Of course he had been replaced. As the appeal brief filed in July of 2013 argued persuasively, Flowers had no reason to be angry with Bertha Tardy; Bertha had good reason to be angry with Curtis.
But if the goal is to close the most horrific murder case in local history without enraging the local White electorate, Curtis Flowers made the perfect suspect. His only alibi was that he had been alone at his home most of the morning in question, so he couldn’t prove innocence. Most importantly, make Flowers your sole person of interest and the investigation stops with him.
But Evans had a problem; a problem that has dogged him for seventeen years. He can sell his theory of the crime to a White jury, but Black folks are profoundly skeptical. Most Black people in Montgomery County know the Flowers family and they know the Simpson brothers. They are inclined to believe that Doyle Simpson had something to do with the murders, but there is an almost universal confidence that an influential White person paid the piper. Whoever did the crime, Black residents say, wasn’t motivated by the paltry sums of money involved and they weren’t driven to homicidal rage by being released from a dead-end job after failing to report for a week.
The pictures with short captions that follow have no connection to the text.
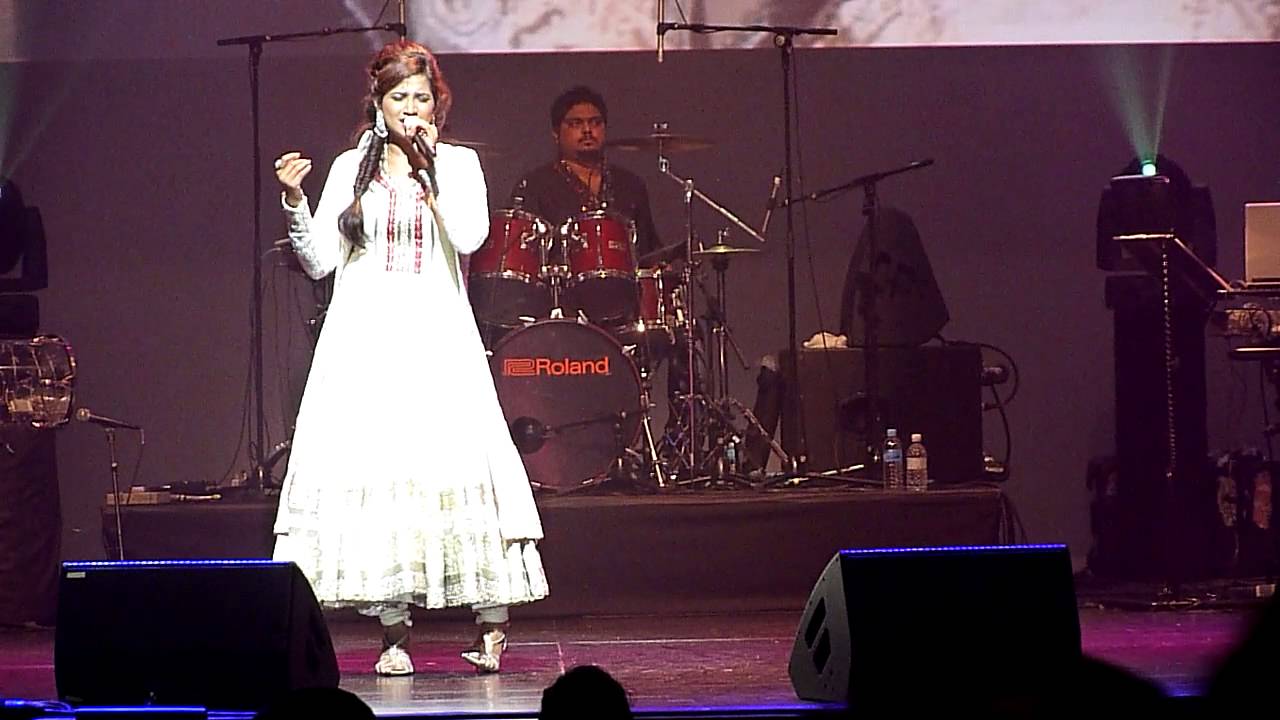 Shreya Ghosal LIVE in  Singapore ‎31 ‎October ‎2012 08  Mere Dholna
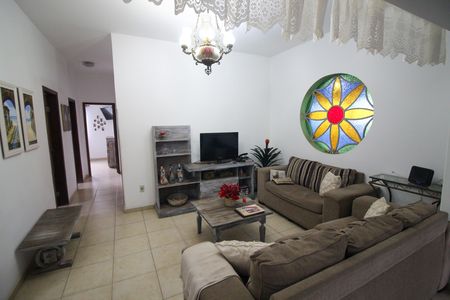 Sala de casa para alugar com 4 quartos, 120m² em Novo Riacho, Contagem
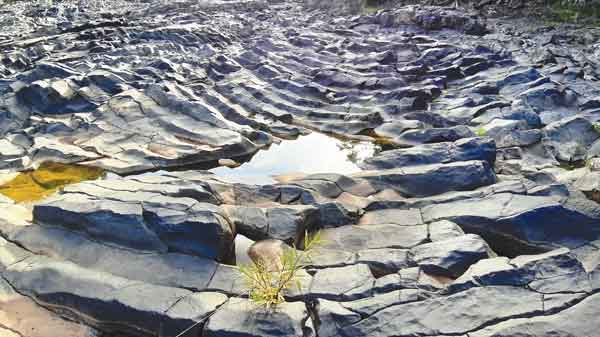 Cảnh tượng kỳ vĩ quần thể đá cổ mới phát hiện ở Gia Lai - 1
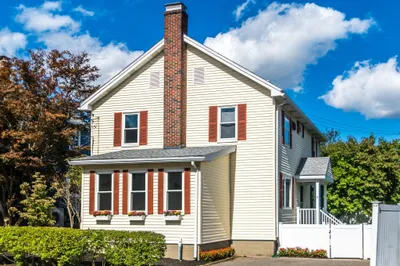 17 Hamblin Road 1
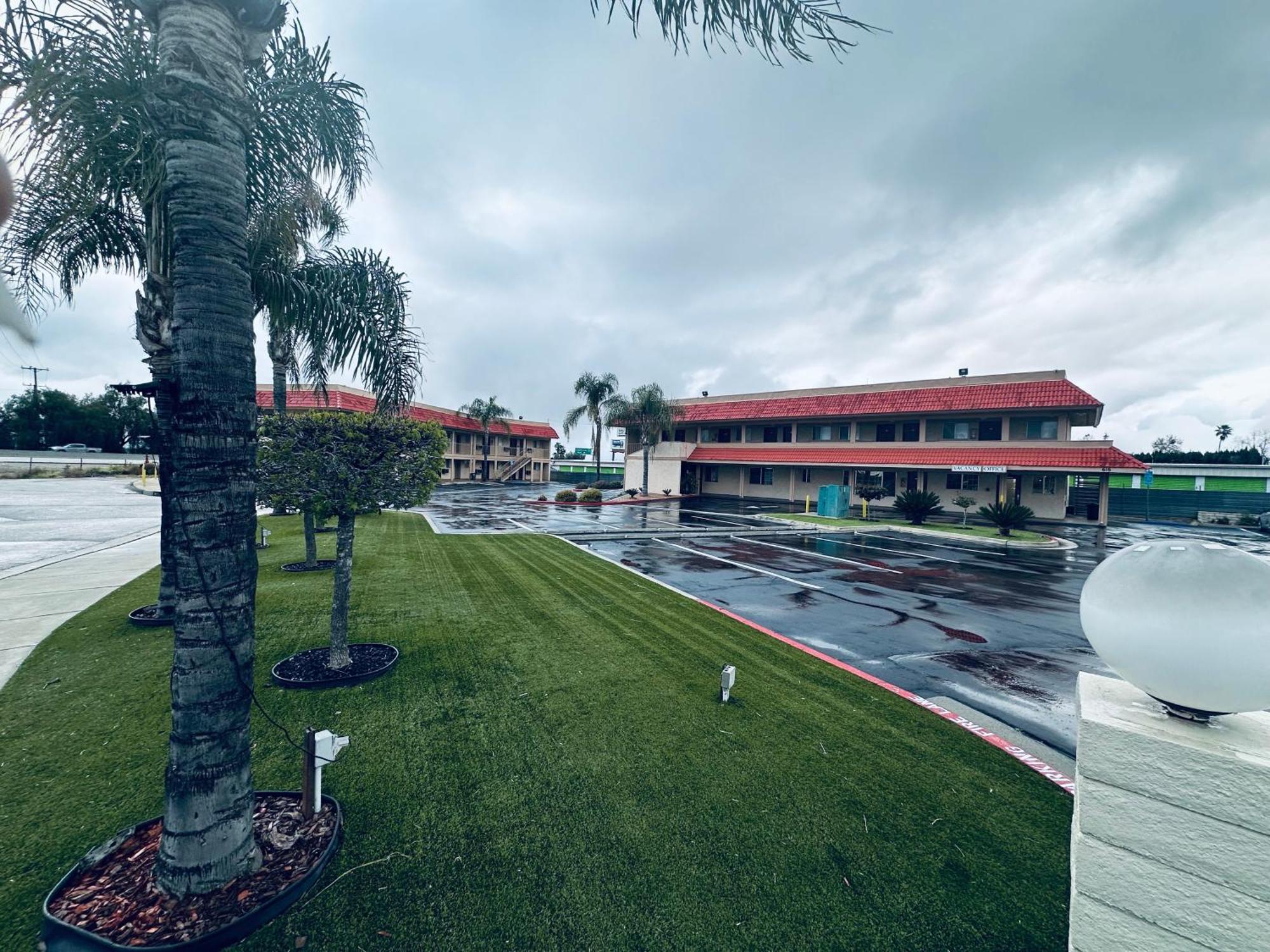 Americas Best Value Inn Calimesa Ngoại thất bức ảnh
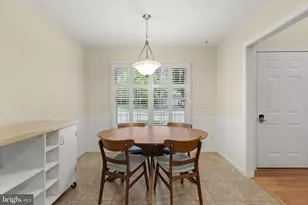 24 Parkside Dr, Lebanon, PA 17042 - Photo 7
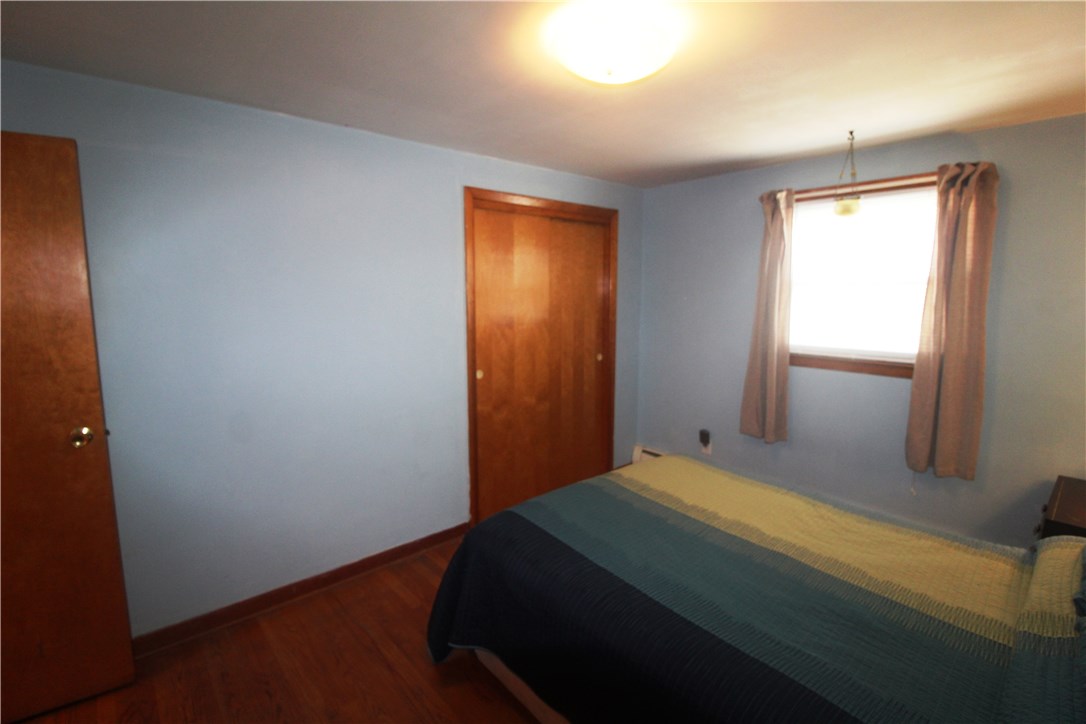 78 Windsor Road Pawtucket, RI 02861 - Photo 12 of 31
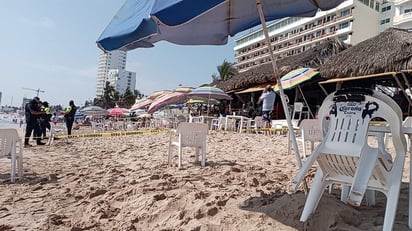 El dentista, originario de La Laguna, se encontraba conviviendo con tres personas a la orilla del mar cuando recibió el disparo.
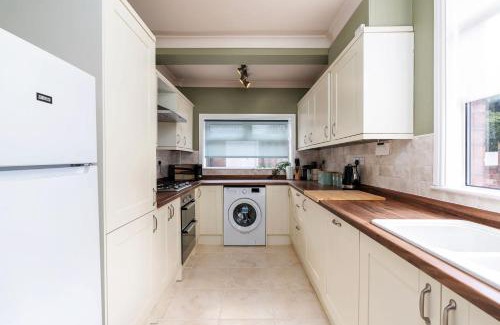 Barton-upon-Humber House | Spacious 2 Bedroom Home in Barton-upon-Humber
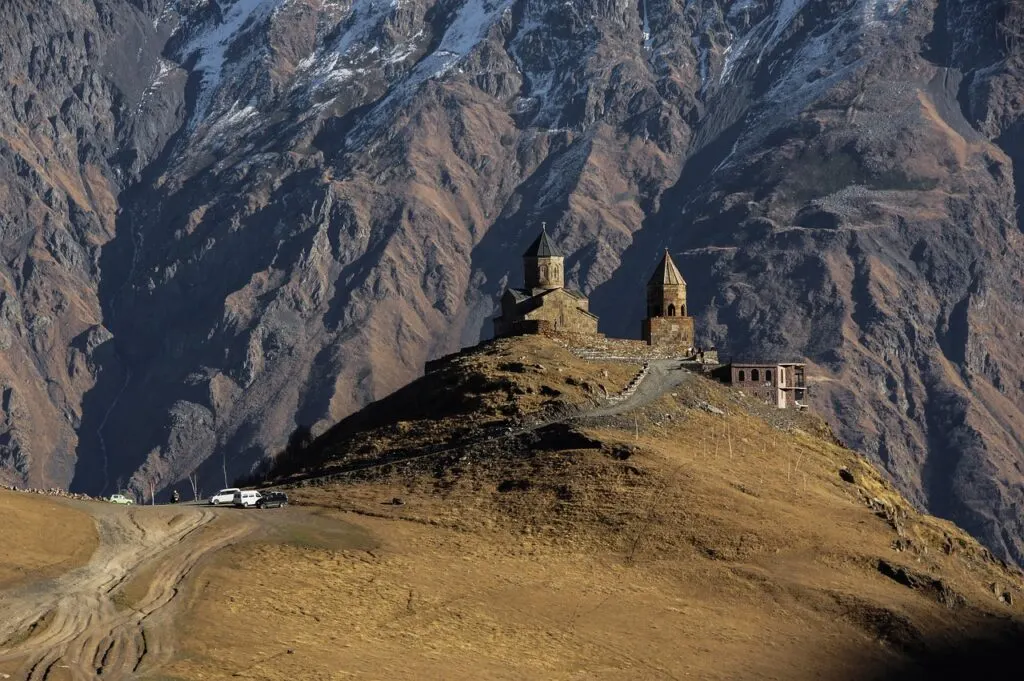 découvrez les géoparcs mondiaux de l'unesco, des sites remarquables qui préservent le patrimoine géologique exceptionnel tout en promouvant l'éducation, le tourisme durable et le développement local.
There are only two explanations for the crime, Black residents tell me. Either we are dealing with a paid hit that went bad, or the killers enjoyed killing and picked the Tardy’s store at random. Either way, Curtis Flowers is the wrong man.
Doug Evans can sell his theory of the crime to White people for the same reason he could sell it to himself: it avoids all the pain and horror that a proper investigation would inevitably carry in its wake.
That simple fact has a profound and impact on White people, but it doesn’t fly on the Black side of town. Which explains why jury selection has everything in this case. Evans can get a white jury eager to convict, or he can get a mixed jury that splits along racial lines. Which explains why Curtis Flowers is the only capital defendant in the history of American jurisprudence to be tried six times for the same crime.